◆ TASK TO CARRY OUT ◆
Retype each entry below exactly. Do not carry any image over.

━━ RAW DATA ━━

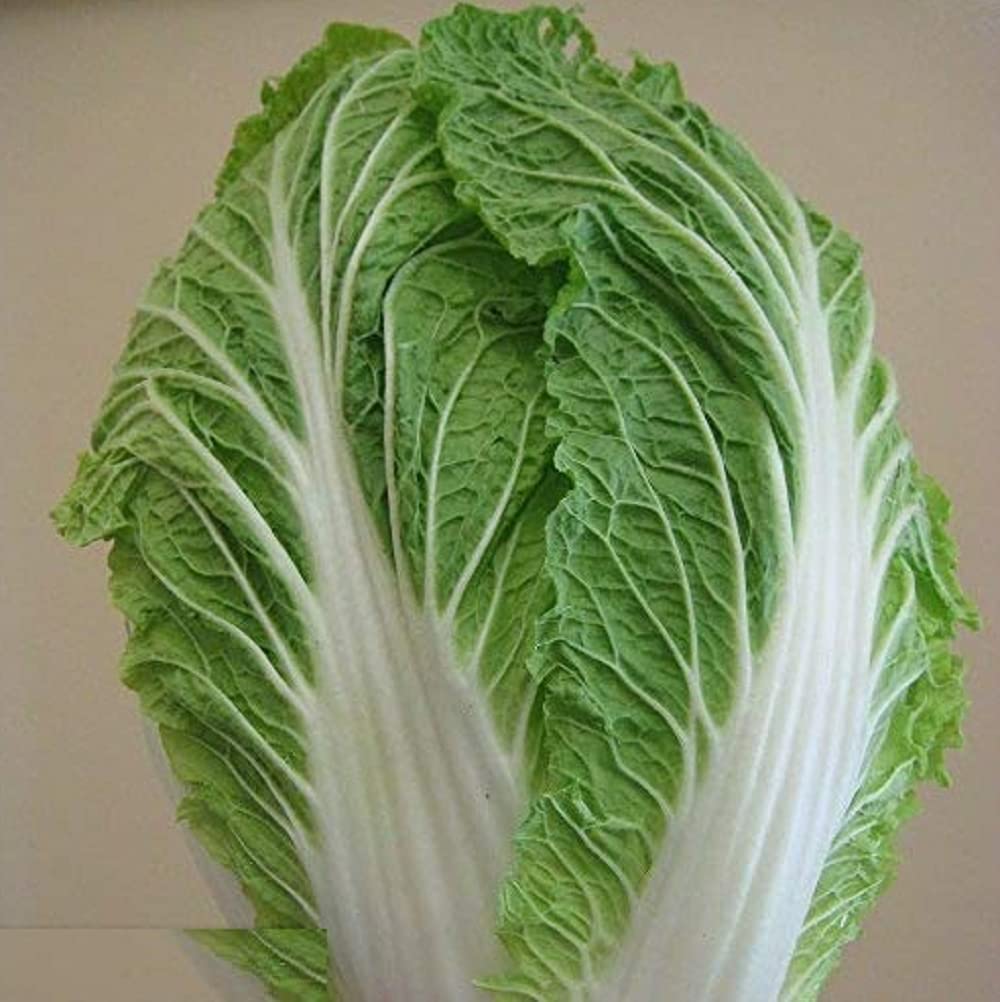Biocarve Seeds Chinese Cabbage - Pack of 50 Seeds (B01ASWMP9I) Amazon Price History, Amazon Price Tracker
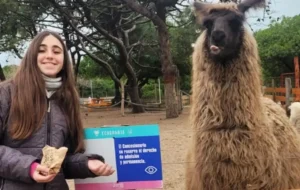 Un lugar mágico para disfrutar de las vacaciones inviernales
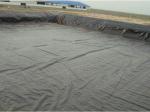 PVC Coated Black Waterproof Tarpaulin Tear Resistant Tarp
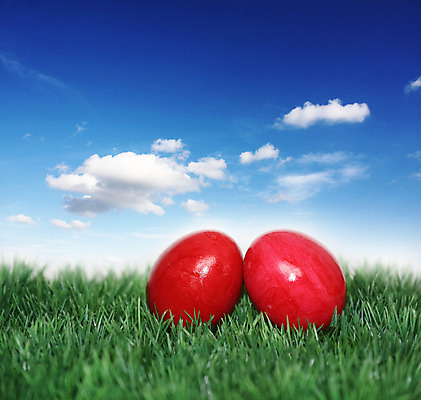 포토 JPG 해외이미지 전통 디자인 계절 꽃 행복 기독교 종교 음식 백그라운드 꽃무늬 패턴 자연 휴가 부활절 창조 선물 사람없음 장식 빨간색 초록색 컬러풀 계란 페인트 놀람 봄 흰색 축하 토끼 둥지 4월 수집 심볼 고립 해외202004 해외포토 식물 기념일 감정 컬러 컨셉 무늬 포유류 표정 반려동물 알 날짜 생태계 파일형식 이미지허브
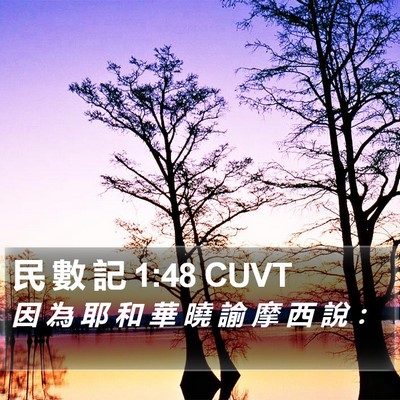 民 數 記 1:48 CUVT Bible Verse Image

━━━

◆ EXERCISE RESULT ◆
Biocarve Seeds Chinese Cabbage - Pack of 50 Seeds (B01ASWMP9I) Amazon Price History, Amazon Price Tracker
 Un lugar mágico para disfrutar de las vacaciones inviernales
 PVC Coated Black Waterproof Tarpaulin Tear Resistant Tarp
 포토 JPG 해외이미지 전통 디자인 계절 꽃 행복 기독교 종교 음식 백그라운드 꽃무늬 패턴 자연 휴가 부활절 창조 선물 사람없음 장식 빨간색 초록색 컬러풀 계란 페인트 놀람 봄 흰색 축하 토끼 둥지 4월 수집 심볼 고립 해외202004 해외포토 식물 기념일 감정 컬러 컨셉 무늬 포유류 표정 반려동물 알 날짜 생태계 파일형식 이미지허브
 民 數 記 1:48 CUVT Bible Verse Image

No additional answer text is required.